The Booty Report

News and Updates for Swashbucklers Everywhere

Arrr, matey! Musk and Stallone be swabbin’ the decks o’ Trump’s feast at Mar-a-Lago this Turkey Day!

2024-11-30

Arrr, me hearties! This Thanksgiving, a motley crew of landlubbers be settin' sail for Mar-a-Lago, includin' the tech treasure hoarder Elon Musk, the brawny Rocky himself Sylvester Stallone, and that dashing Canadian captain, Justin Trudeau! A feast fit for the fiercest pirates, I say!

Arrr, mateys, gather 'round fer a tale o' merriment from the high seas o' Mar-a-Lago! It be buzzin' like a hive o' busy bees since the grand victory of President-elect Trump over that scallywag Vice President Harris. This Thanksgiving, the place was swarmed with fancy folk like Elon Musk, Sylvester Stallone, and the dashing Justin Trudeau, who be lookin' to parley o'er turkey and fixin's.On a fine Thursday, Trump himself hosted a grand feast, and lo and behold, he be cuttin' loose to the tune of "Y.M.C.A." like a true jolly captain!
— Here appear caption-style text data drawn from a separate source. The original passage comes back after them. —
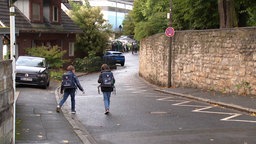 Zwei Kinder mit Schulranzen laufen in Richtung Schule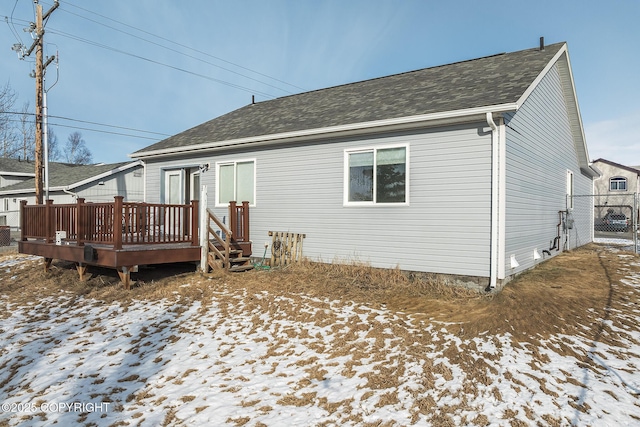 snow covered back of property featuring fence, a deck, and roof with shingles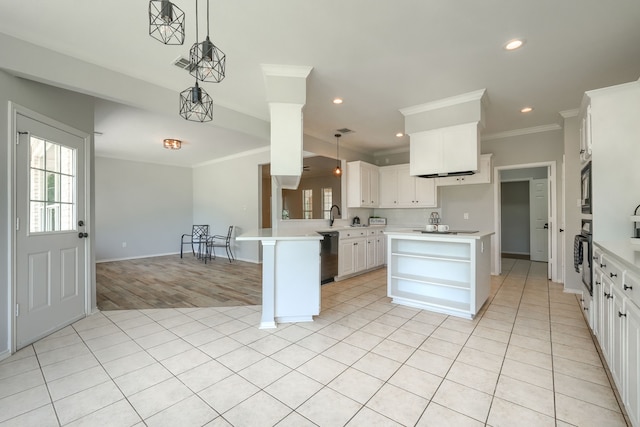 kitchen with hanging light fixtures, white cabinetry, a kitchen island, and black appliances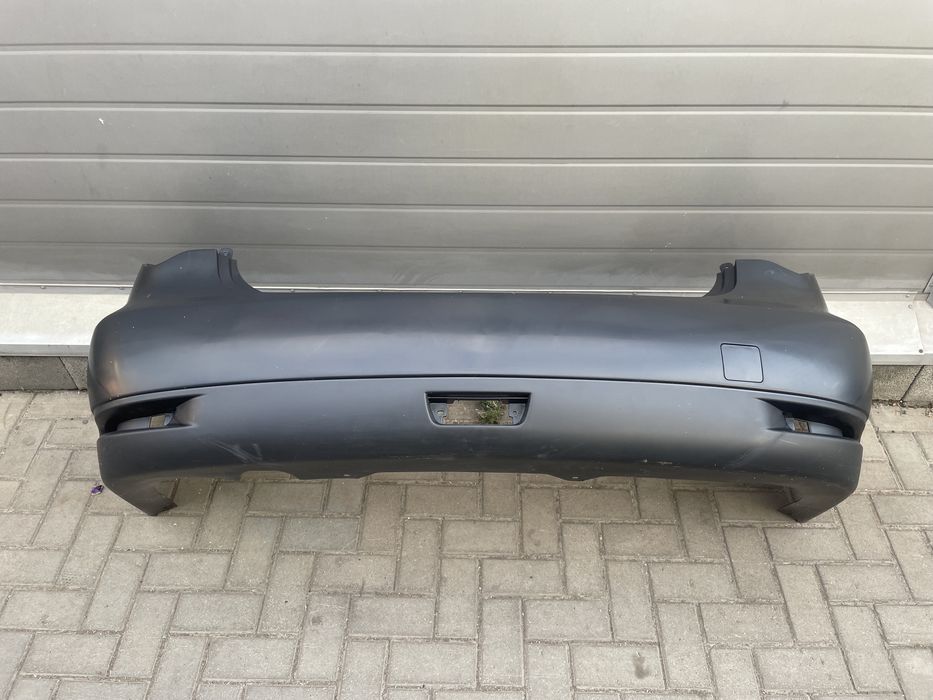 Задний бампер Almera G15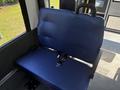 A blue bench seat with a seatbelt in a 2020 Chevrolet Express van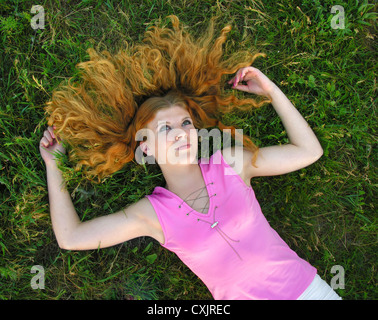 Jeune femme rousse allongée sur l'herbe en été 24 Banque D'Images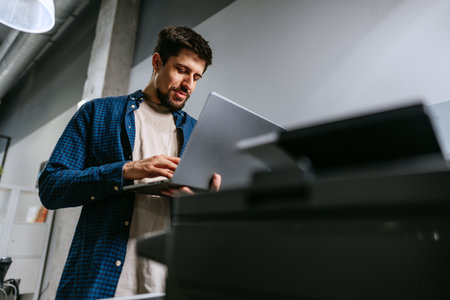 Man working on laptop in modern office space during daylight hours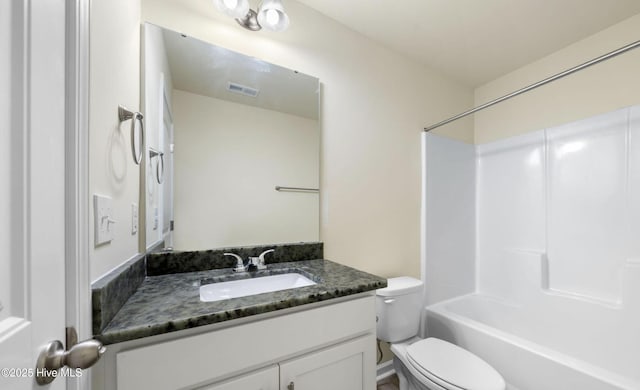 bathroom featuring shower / bathtub combination, vanity, visible vents, and toilet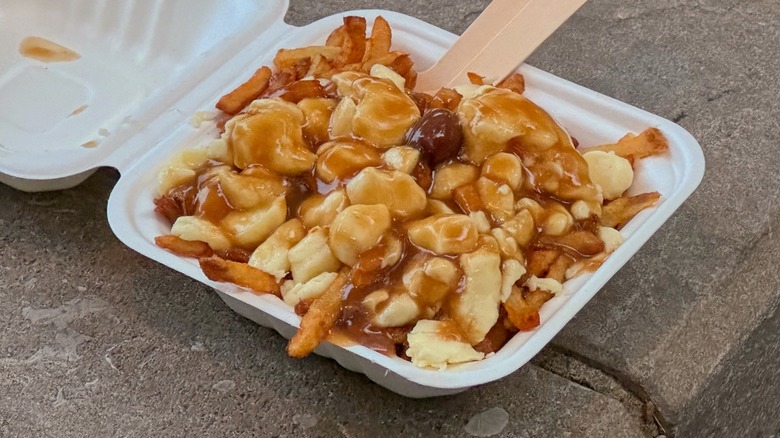 canadian poutine with cheese curds and gravy over french fries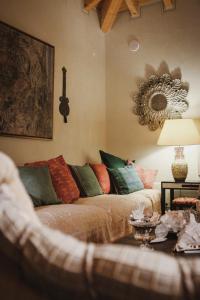 a living room with a couch and a mirror at Monte da Bela Raposa in Pavia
There he was, thumpin' on a table and givin' Musk a hearty pat on the back, as the pair raised their fists in joyous song. The Trump family strutted in, and the air was thick with the scent of turkey and lavish decor, enough to make a pirate's heart swell!With over 300 revelers, the night be filled with laughter, dance, and even a toast from Musk. Trudeau, on the sly, joined the festivities amidst talk o' tariffs and trade, makin' it a night of both mirth and matters of state. Aye, what a spectacle it be, with all the fixin's fit for a king and a ruckus the likes of which ye wouldn’t believe!